There wasn’t, however, much time to count or ponder. The orchestra does not tune up on stage, and the program consisted of a single work, Bruckner’s monumental Eighth Symphony, and--serious occasion that it was-- it commenced nearly on the appointed hour, like a funeral or wedding. From its first notes, the orchestra made Bruckner all that mattered.
Bruckner’s symphonies are revelations that emerge from mysteriousness. The Eighth edges into life with a single pitch in the horns and violins, the stirrings of a theme emerging from the lower strings. Within a few bars, there are brass fanfares, luminous wind chords, an irresistible striding melody in the strings, and a sensation of something momentous happening.

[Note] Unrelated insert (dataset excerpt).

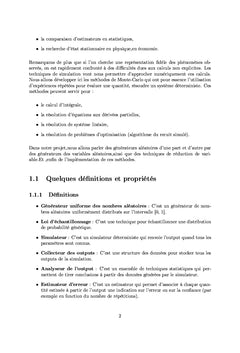 Modélisation et simulation des méthodes de Monte Carlo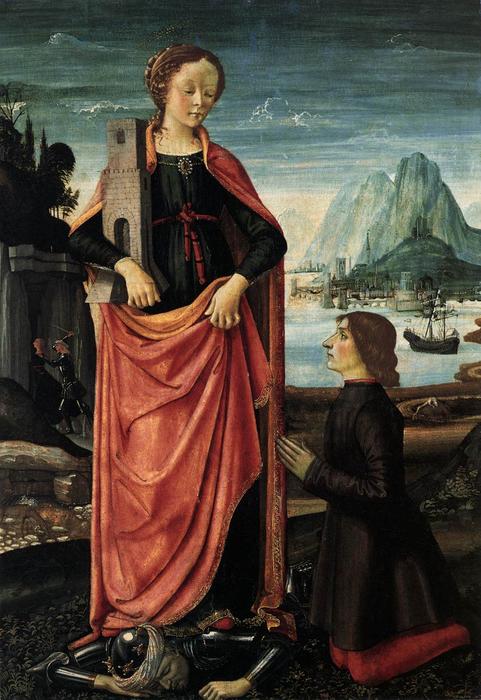 St. Barbara Crushing Her Infidel Father — Domenico Ghirlandaio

The character of that sensation Monday was hard to pinpoint. It had to do with the unique combination of power and beauty that is the Viennese sound. It had to do with Bruckner’s supreme confidence that, however much we suffer, God is good. It had to with an orchestra that is supremely certain of the rightness of what it is playing at the moment it is playing it.

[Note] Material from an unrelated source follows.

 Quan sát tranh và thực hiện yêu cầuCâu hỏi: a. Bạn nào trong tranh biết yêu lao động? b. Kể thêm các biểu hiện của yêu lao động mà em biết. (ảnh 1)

Bruckner’s Eighth has been called the zenith of symphonic literature. And it is. The last symphony the Austrian composer completed and his grandest musical statement, it was also, in the 1880s, the largest major symphonic work yet conceived by any composer. Symphonies as large, or even larger, would be written afterward, especially by Mahler, but none with Bruckner’s trusting in the purity of the form.

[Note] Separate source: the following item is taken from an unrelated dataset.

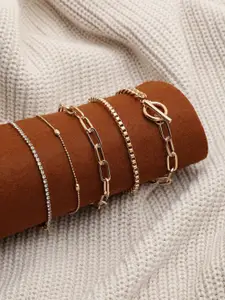 SOHI Women Set Of 5 Gold-Plated Link Bracelet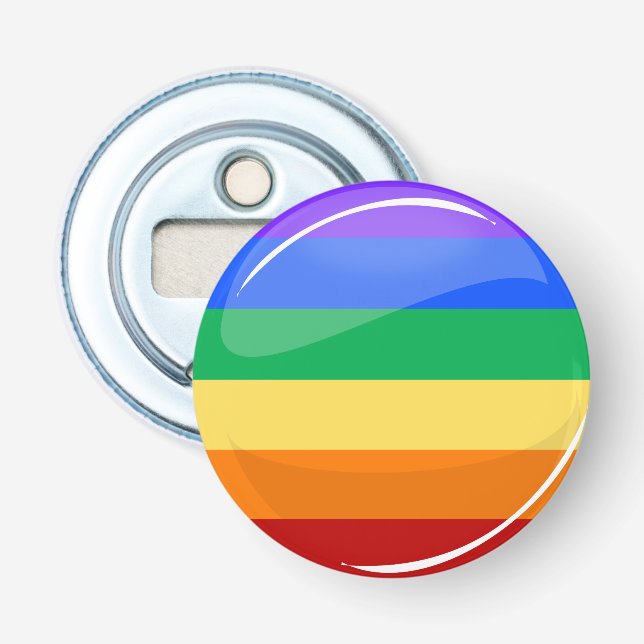 Rainbow Round LGBT Flag Bottle Opener (Front)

The Eighth is huge. In a slow performance, as this one was, its Adagio movement alone can last close to half an hour. And it isn’t all dutiful affirmation. Often harmonically vague, the music wanders, pierced by outbursts of angst. The Adagio sings the blues on a mammoth scale. In the thundering Finale, the glimpses of heaven, in a small visionary moment near the end of the exposition and again in the recapitulation, are fleeting and seem, at first, to come out of nowhere, unsupported.
Yet there is a grand plan. Themes are moldable and interlock. The peroration of the symphony is not a triumphant resolution, however loud and thunderous and glorious are those final pages of the score, but rather a culmination of all that has come before. Beethoven overcame obstacles in his symphonies. Bruckner accepted them. The magnificent cadence at the end comes from the church not the concert hall.
The performance of the Eighth on Monday night was a great one. The symphony is special to these musicians, and they won’t play it for conductors who don’t understand that. Two of the orchestra’s latest recordings are of the Eighth. One is a historic re-release of a 1957 live performance by Herbert von Karajan, who conducted it often with the orchestra, including at the end of his life when he was in particular need of spiritual balm. Another is a recent performance by Boulez; it was his first encounter with Bruckner, and for it, he went to the source.
Haitink is an experienced Brucknerian. He conducted and recorded all the symphonies in the 1970s and 1980s, when he was music director of the Royal Concertgebouw Orchestra in Amsterdam. Those recordings are beautifully played, expertly controlled but without much character. His interpretation Monday was even more stately, but here the Dutch conductor brought a new urgency. He showed that he knew everything the Viennese players could do, and he encouraged them to be expressive within small details, but never lost the large picture.
The result, ironically for an orchestra more bound to music history than any other, was a performance in which time and history seemed to vanish. Bruckner’s chromatic harmonies, pungent counterpoint and massed blocks became a sound world onto themselves, lived for the moment. Every section--strings, brass, winds, percussion--sounded wondrous on its own. The horns were to die for. Yet all blended into a sonic whole far greater than the sum of its luscious parts.
The Vienna Philharmonic is not a blameless or blemishless organism, but it cannot play as it did on Monday without a heart and a soul.